Estrangement isn’t something you just “decide” one day over coffee. For me, it was a long, quiet survival strategy — as an only child, often the sole witness to an emotionally immature family dynamic, and as someone who finally realized love without protection isn’t enough. I managed to build a life of my own, and still proudly claim the nickname wombat.
My father used to call me wombat.
For a long time, I assumed it was his way of saying, “You’re a little funny-looking, but we’re fond of you anyway.” I mean, look at wombats. They’re stubby, stubborn little marsupials who don’t exactly win beauty contests. So I took it as a mildly affectionate jab — the kind parents make when they’re more comfortable with teasing than tenderness.
It wasn’t until years later, after a lot of hard and necessary distance, that I realized he meant it sweetly.

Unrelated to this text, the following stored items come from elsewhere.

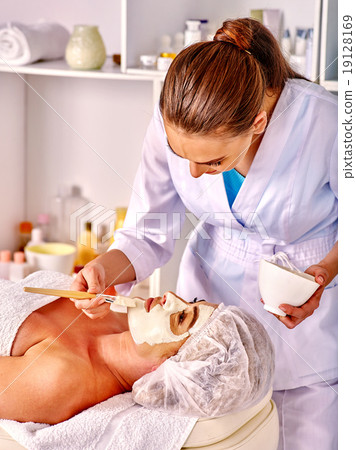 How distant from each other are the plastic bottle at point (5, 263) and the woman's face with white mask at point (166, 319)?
2.30 ft

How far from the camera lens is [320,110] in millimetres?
861

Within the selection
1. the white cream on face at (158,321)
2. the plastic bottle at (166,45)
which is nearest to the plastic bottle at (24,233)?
the plastic bottle at (166,45)

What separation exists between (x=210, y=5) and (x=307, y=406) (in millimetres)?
828

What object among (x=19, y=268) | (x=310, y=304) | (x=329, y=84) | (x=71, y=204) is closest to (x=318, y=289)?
(x=310, y=304)

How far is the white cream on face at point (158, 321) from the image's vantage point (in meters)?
0.89

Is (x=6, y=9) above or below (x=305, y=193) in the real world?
above

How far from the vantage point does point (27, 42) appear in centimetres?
144

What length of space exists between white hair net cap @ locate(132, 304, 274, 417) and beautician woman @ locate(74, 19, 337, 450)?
0.06m

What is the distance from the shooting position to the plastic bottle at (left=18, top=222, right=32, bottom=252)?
1645 millimetres

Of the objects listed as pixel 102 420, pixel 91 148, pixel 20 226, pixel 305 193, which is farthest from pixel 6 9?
pixel 102 420

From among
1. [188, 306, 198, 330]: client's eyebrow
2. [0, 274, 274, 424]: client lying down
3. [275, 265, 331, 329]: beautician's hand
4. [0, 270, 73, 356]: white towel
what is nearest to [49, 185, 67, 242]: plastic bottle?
[0, 270, 73, 356]: white towel

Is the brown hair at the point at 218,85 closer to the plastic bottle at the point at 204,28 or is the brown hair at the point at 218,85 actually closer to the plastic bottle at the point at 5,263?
the plastic bottle at the point at 204,28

He genuinely thought I was adorable. Precious, even.
And for a moment, that softened something in me. I wanted to believe that the nickname was proof he really saw me. But if recovery teaches you anything, it’s that context is everything.
Because while he was calling me wombat, he was also standing silently by while my narcissistic mother did what narcissistic mothers do best — dominate, manipulate, and rewrite reality like it was her personal screenplay. And he didn’t stop her. Not once. Not when it counted.
And as an only child, the silence was deafening. There were no siblings to swap looks with when things veered into Mommy Dearest territory — no late-night whisper sessions of, “Did that really just happen?” No audience but me. It wasn’t Joan Crawford with wire hangers, exactly, but it didn’t have to be. It was psychological, not cinematic. The chaos was real, if less Hollywood. And I was the whole cast. Child, scapegoat, comic relief, occasionally the straight man in someone else’s absurd punchline.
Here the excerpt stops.